Bahasa Medsos Sumber Konflik Sosial

Bahasa Medsos Sumber Konflik Sosial   

Oleh: Gusty S   

DEWASA ini aktivitas penyampaian pesan melalui media sosial bergerak begitu deras, hampir tak dapat dibendung. Sugesti what do you think (apa yang kamu dipikirkan) telah menginspirasi dan memotivasi para netizen (warganet) untuk memainkan tombol-tombol keyboard gawainya, merangkai huruf-huruf menjadi kata, frasa, klausa, kalimat, paragraf, dan wacana. Ironisnya, semangat berkata-kata secara tertulis ini tidak dibarengi dengan sikap positif penggunaan bahasa.

Acap kali kita temukan ketimpangan komunikasi (miscommunication) antara penulis dan pembaca karena penggunaan bahasa, bahkan tak jarang kita dapati kebablasan berkomunikasi (lost communication) tersebab pengolahan pesan yang tak terkendali atau yang sengaja dibenturkan. Sehingga tidak saja berakibat pada rusaknya sendi-sendi bahasa, tetapi juga hancurnya nilai-nilai persaudaraan antarkomunikan.

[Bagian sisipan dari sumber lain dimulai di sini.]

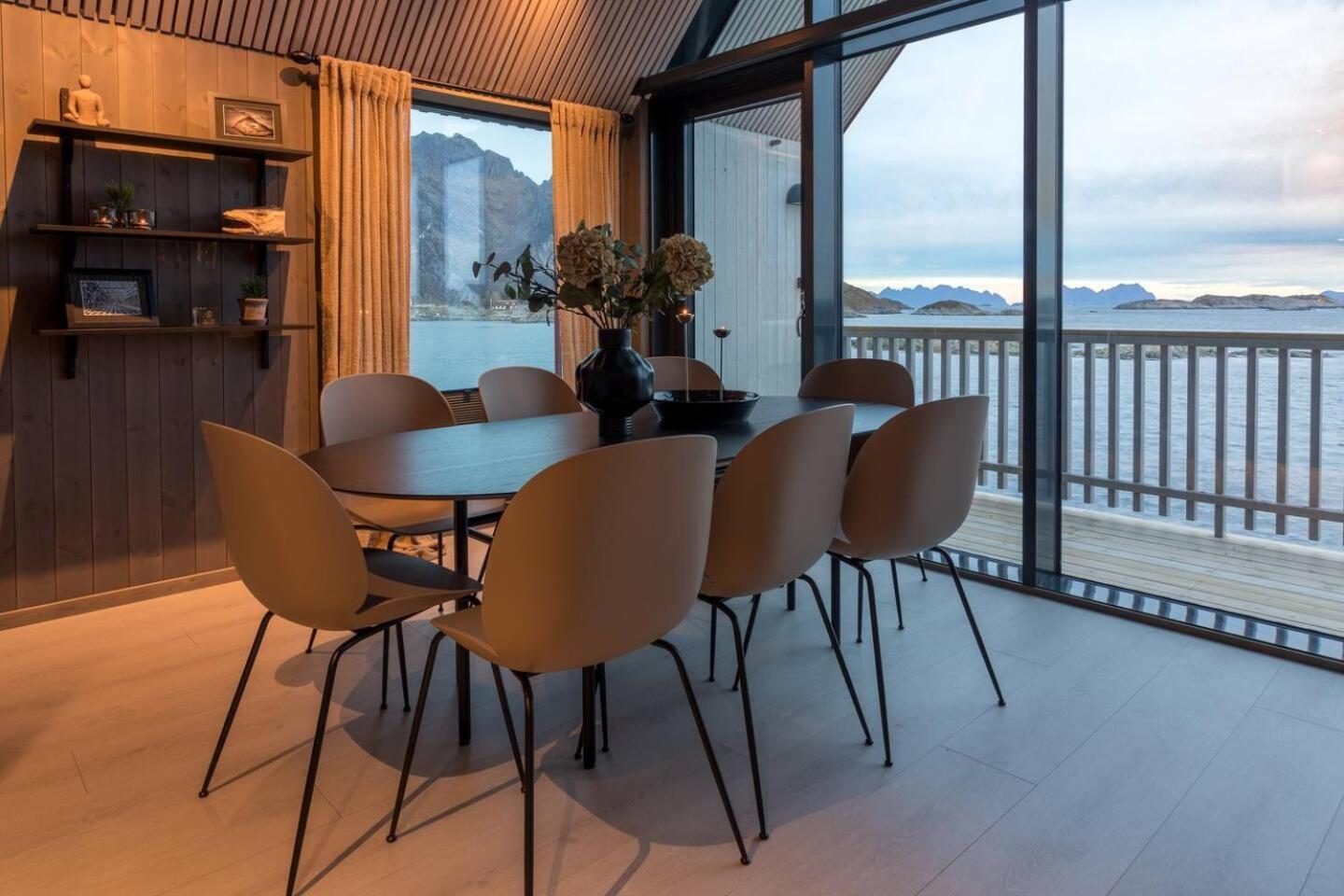 Leilighet Med Fantastisk Utsikt Henningsvær Exteriör bild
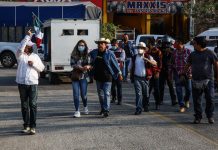 Caravana parte hacia México para apoyar a Félix Salgado Macedonio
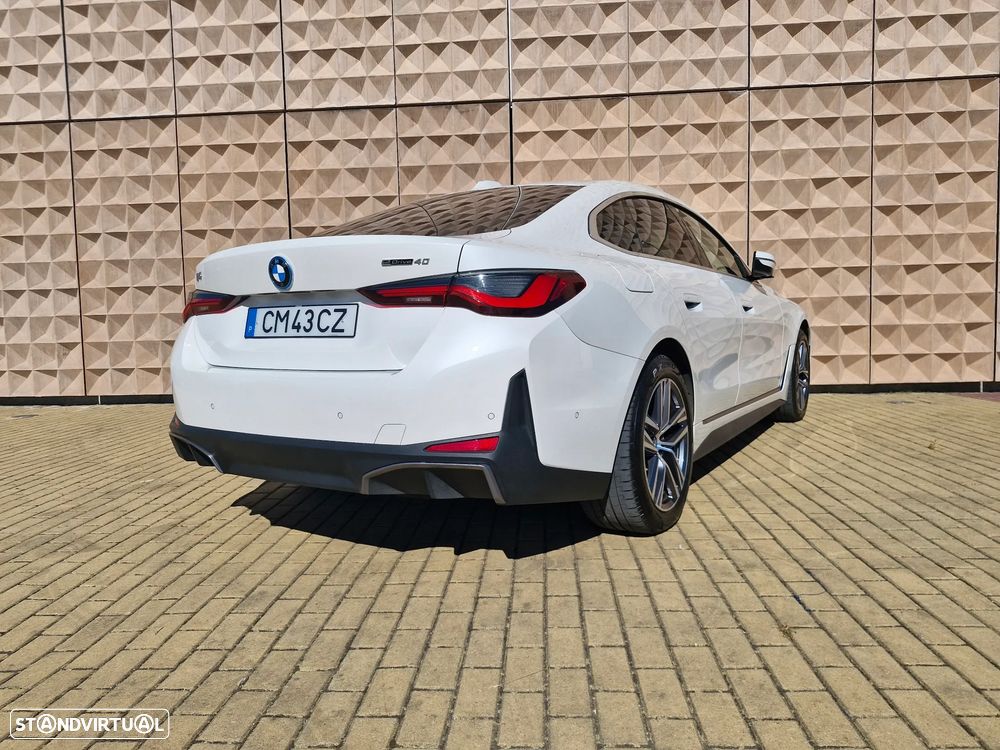 BMW i4 - 8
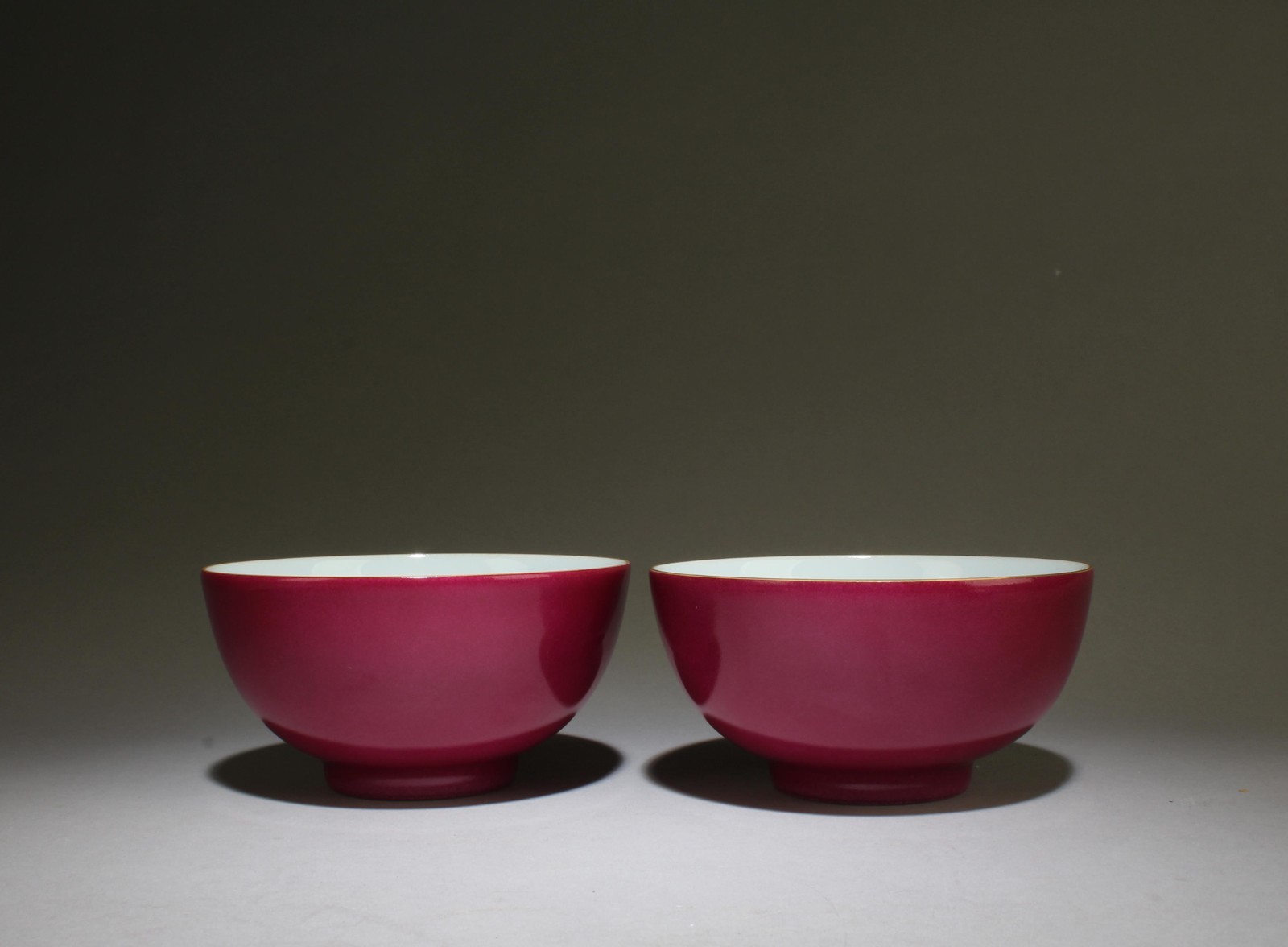 A Pair of Rouge-Red Glazed Bowl A Pair of Rouge-Red Glazed Bowl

Coba perhatikan, bagaimana maraknya kasus ujaran kebencian (hate speech) akhir-akhir ini. Umumnya semua itu berawal dari pesan-pesan yang diviralkan via jejaring sosial.

Mulutmu harimaumu. Kata-katamu adalah kualitas dirimu

Demikian kata pepatah lama dan pepatah baru.

Sikap bahasa berhubungan dengan tiga hal, yaitu (1) sikap yang berkaitan dengan kesetiaan terhadap bahasa (language loyality), (2) sikap yang berkaitan dengan kebanggaan terhadap penggunaan bahasa (language pride), dan (3) sikap yang berkaitan dengan kesadaran penggunaan bahasa (awareness of the norm). Ketiga sikap tersebut tecermin dari penggunaan bahasa oleh pemiliknya, baik secara lisan maupun tulisan.

Pengguna bahasa yang bersikap positif senantiasa menunjukkan indikasi kesetiaan, kebanggaan, dan kesadaran dalam tulisannya. Hal tersebut terlihat jelas, khususnya dalam pemakaian bahasa Indonesia yang berkaidah (normatif).

Yang paling utama menulis itu membuat kita sehat lahir batin dunia akhirat. Karena aktivitas menulis otak kita selalu aktif berpikir; mencari ide, menyesuaikan fakta, mencocokkan data, mengelaborasi teori, merangkai kata, memvariasikan kalimat, dan menjelaskan gagasan secara efektif: baik, benar, logis, dan sistematis. Tersebab aktivitas menulis, waktu yang terpakai tidak sia-sia.

Karena keasikan menulis kita tidak sempat mengumpat membicarakan keburukan orang lain, tidak ada waktu untuk ber-ghibah mencari-cari kesalahan orang lain. Akibat dari kegiatan menulis, kita memperoleh banyak amal, pahala berlimpah, bahkan pahala itu mengalir jauh sampai berakhirnya dunia ini kelak.

Menulis tidak sekadar mampu menyampaikan pesan dan pesan itu dipahami oleh pembaca. Lebih dari itu, menulis harus menggunakan bahasa yang baik, benar, logis, dan sistematis sehingga pesan yang disampaikan dapat diterima secara baik oleh pembaca sebagaimana yang dimaksud oleh penulis. Untuk itu, diperlukan media perantara, yang dikenal dengan bahasa yang efektif.

Bahasa yang efektif tidak lain adalah bahasa yang baik, benar, logis, dan sistematis itu. Bahasa yang baik adalah bahasa yang sesuai dengan konteks; misalnya di mana, kapan, dan kepada siapa pesan ditujukan. Bahasa yang benar adalah bahasa yang sesuai dengan kaidah atau aturan. Bahasa yang logis adalah bahasa yang bernalar, masuk akal.

Bahasa yang sistematis adalah bahasa yang bersistem, beraturan, dan berstruktur. Kemampuan menulis dengan menginklutkan keempat barometer tersebutlah yang patut dikatakan terampil.